On Fri, Jul 26, 2013 at 11:30 PM, C. Scott Ananian cananian@wikimedia.orgwrote:
This statement seems rather defeatist to me. Step one of a machine translation effort should be to provide tools to annotate parallel texts in the various wikis, and to edit and maintain their parallelism.
Scott, "edit and maintain" parallelism sounds wonderful on paper, until you want to implement it and then you realize that you have to freeze changes both in the source text and in the target language for it to happen, which is, IMHO against the very nature of wikis. Translate:Extension already does that in a way. I see it useful only for texts acting as a central hub for translations, like official communication. If that were to happen for all kind of content you would have to sacrifice the plurality of letting each wiki to do their own version.

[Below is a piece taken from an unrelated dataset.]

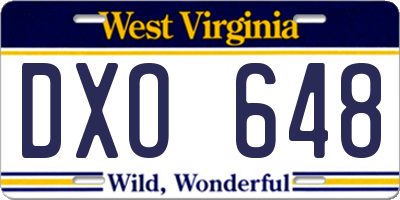 WV license plate DXO648
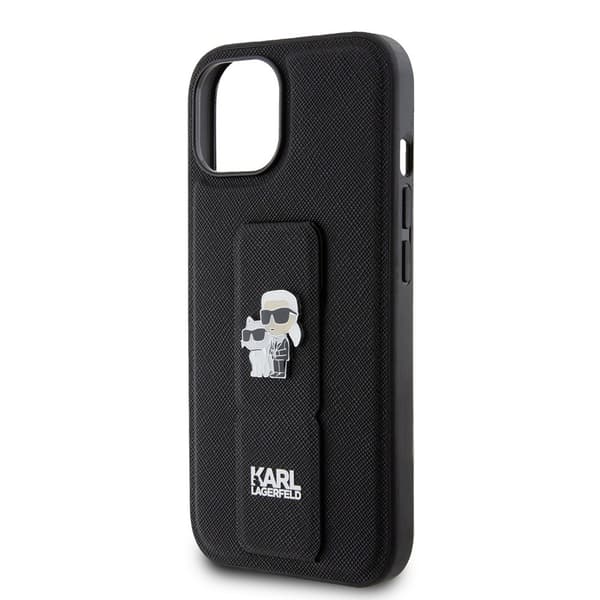 Karl Lagerfeld iPhone 15 Skal Grip Stand Function Svart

Once this is done, you have a substantial parallel corpora, which is then suitable to grow the set of translated articles. That is, minority languages ought to be accounted for by progressively expanding the number of translated articles in their encyclopedia, as we do now. As this is done, machine translation incrementally improves.
The most popular statistical-based machine translation system has created its engine using texts extracted from *the whole internet*, it requires huge processing power, and that without mentioning the amount of resources that went into research and development. And having all those resources they managed to create a system that sort of works. Wikipedia doesn't have enough amount of text nor resources to follow that route, and the target number of languages is even higher. Of course statistical-based approaches should also be used as well (point 8 of the proposed workflow), however more as a supporting technology rather than the main one.
If there is not enough of an editor community to translate articles, I don't see how you will succeed in the much more technically-demanding tasks of creating rules for a rule-based translation system. The beauty of the statistical approach is that little special ability is needed.
One single researcher can create working transfer rules for a language pair in 3 months or less if there is previous work (see these GsoC [1], [2], [3]). Whichever problem the translation has, it can be understood and corrected. With statistics, you rely on bulk numbers and on the hope that you have enough coverage, and that makes improving its defects even harder. It is true that writing transfer rules is technically demanding, and so it is writing mediawiki software, which keeps being developed anyways. After seeing how their system works, I think there is room for simplifying transfer rules (first storing them as mediawiki templates, then as linked data, then having a user interface). That could lower the entry barrier for linguists and translators alike, while enabling the triangulation of rules between pairs that have a common one.
As said before, there is no single tool that can do everything, it is the combination of them what will bring the best results. The good thing is that there is no need to "marry" a technology, several can be developed in parallel and broght to a point of convergence where they work together for optimal results.
I appreciate that you took time to read the proposal :)
Thanks, David
[1] http://www.google-melange.com/gsoc/project/google/gsoc2013/akindalki/3001 [2] http://www.google-melange.com/gsoc/project/google/gsoc2013/jcentelles/20001 [3] http://www.google-melange.com/gsoc/project/google/gsoc2013/jonasfromseier/50...